Assignment
Could you return the data that follows exactly, minus the images?

Provided data
::::::::::

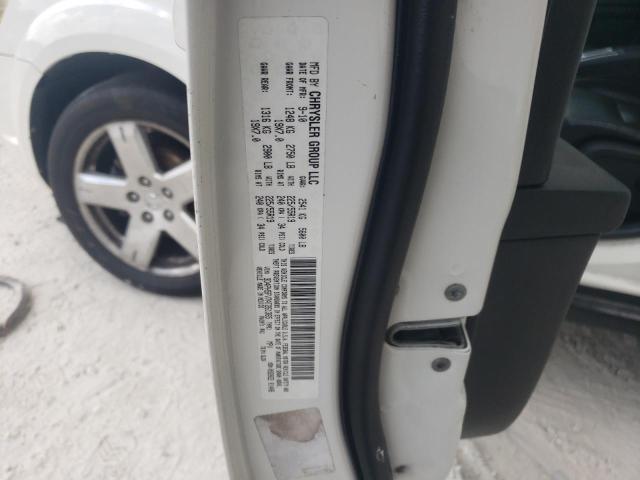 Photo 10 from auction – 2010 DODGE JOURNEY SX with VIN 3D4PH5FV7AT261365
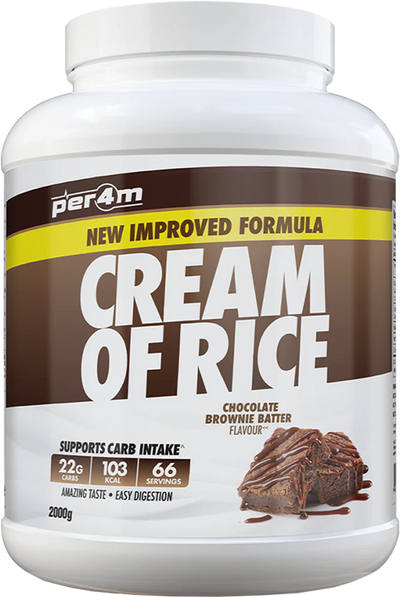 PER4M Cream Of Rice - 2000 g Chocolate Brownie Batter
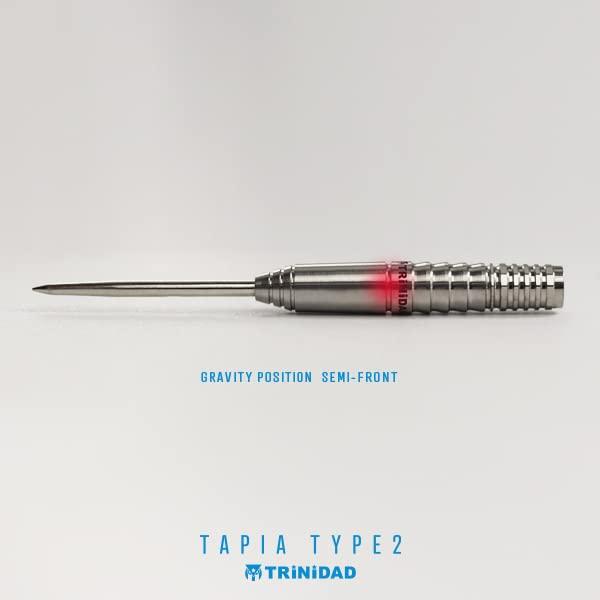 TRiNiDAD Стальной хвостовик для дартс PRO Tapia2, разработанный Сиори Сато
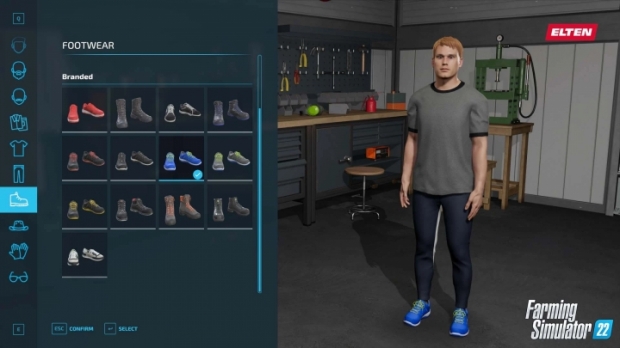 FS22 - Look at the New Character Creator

::::::::::

Worked solution
 Photo 10 from auction – 2010 DODGE JOURNEY SX with VIN 3D4PH5FV7AT261365
 PER4M Cream Of Rice - 2000 g Chocolate Brownie Batter
 TRiNiDAD Стальной хвостовик для дартс PRO Tapia2, разработанный Сиори Сато
 FS22 - Look at the New Character Creator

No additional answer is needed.